WHAT THE TASK REQUIRES: Take the listing and print it in full, exactly as given.

DATA EXTRACT:

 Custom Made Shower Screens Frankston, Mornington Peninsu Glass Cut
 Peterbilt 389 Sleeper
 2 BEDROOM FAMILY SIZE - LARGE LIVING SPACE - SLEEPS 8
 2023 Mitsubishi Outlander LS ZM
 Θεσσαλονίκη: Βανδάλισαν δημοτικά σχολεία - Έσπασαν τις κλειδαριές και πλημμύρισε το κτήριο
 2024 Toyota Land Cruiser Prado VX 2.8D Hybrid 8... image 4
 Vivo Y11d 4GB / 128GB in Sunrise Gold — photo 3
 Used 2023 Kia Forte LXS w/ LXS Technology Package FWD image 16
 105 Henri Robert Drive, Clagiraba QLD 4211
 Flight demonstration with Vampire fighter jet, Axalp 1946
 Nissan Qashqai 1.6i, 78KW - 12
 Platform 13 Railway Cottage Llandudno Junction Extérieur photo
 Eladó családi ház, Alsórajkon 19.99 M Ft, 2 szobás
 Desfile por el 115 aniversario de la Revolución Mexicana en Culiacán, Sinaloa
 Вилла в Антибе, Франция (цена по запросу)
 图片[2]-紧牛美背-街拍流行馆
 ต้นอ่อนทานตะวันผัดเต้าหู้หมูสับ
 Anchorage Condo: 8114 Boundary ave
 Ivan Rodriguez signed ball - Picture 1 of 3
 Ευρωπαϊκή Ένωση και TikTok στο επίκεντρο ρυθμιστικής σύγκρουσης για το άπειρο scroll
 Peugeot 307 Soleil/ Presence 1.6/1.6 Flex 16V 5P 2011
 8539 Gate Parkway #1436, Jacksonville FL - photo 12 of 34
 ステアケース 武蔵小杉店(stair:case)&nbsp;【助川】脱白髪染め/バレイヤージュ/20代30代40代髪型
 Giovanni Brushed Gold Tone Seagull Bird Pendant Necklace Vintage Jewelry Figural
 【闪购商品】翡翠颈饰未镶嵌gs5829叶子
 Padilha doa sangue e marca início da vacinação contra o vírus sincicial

RESPONSE:
 Custom Made Shower Screens Frankston, Mornington Peninsu Glass Cut
 Peterbilt 389 Sleeper
 2 BEDROOM FAMILY SIZE - LARGE LIVING SPACE - SLEEPS 8
 2023 Mitsubishi Outlander LS ZM
 Θεσσαλονίκη: Βανδάλισαν δημοτικά σχολεία - Έσπασαν τις κλειδαριές και πλημμύρισε το κτήριο
 2024 Toyota Land Cruiser Prado VX 2.8D Hybrid 8... image 4
 Vivo Y11d 4GB / 128GB in Sunrise Gold — photo 3
 Used 2023 Kia Forte LXS w/ LXS Technology Package FWD image 16
 105 Henri Robert Drive, Clagiraba QLD 4211
 Flight demonstration with Vampire fighter jet, Axalp 1946
 Nissan Qashqai 1.6i, 78KW - 12
 Platform 13 Railway Cottage Llandudno Junction Extérieur photo
 Eladó családi ház, Alsórajkon 19.99 M Ft, 2 szobás
 Desfile por el 115 aniversario de la Revolución Mexicana en Culiacán, Sinaloa
 Вилла в Антибе, Франция (цена по запросу)
 图片[2]-紧牛美背-街拍流行馆
 ต้นอ่อนทานตะวันผัดเต้าหู้หมูสับ
 Anchorage Condo: 8114 Boundary ave
 Ivan Rodriguez signed ball - Picture 1 of 3
 Ευρωπαϊκή Ένωση και TikTok στο επίκεντρο ρυθμιστικής σύγκρουσης για το άπειρο scroll
 Peugeot 307 Soleil/ Presence 1.6/1.6 Flex 16V 5P 2011
 8539 Gate Parkway #1436, Jacksonville FL - photo 12 of 34
 ステアケース 武蔵小杉店(stair:case)&nbsp;【助川】脱白髪染め/バレイヤージュ/20代30代40代髪型
 Giovanni Brushed Gold Tone Seagull Bird Pendant Necklace Vintage Jewelry Figural
 【闪购商品】翡翠颈饰未镶嵌gs5829叶子
 Padilha doa sangue e marca início da vacinação contra o vírus sincicial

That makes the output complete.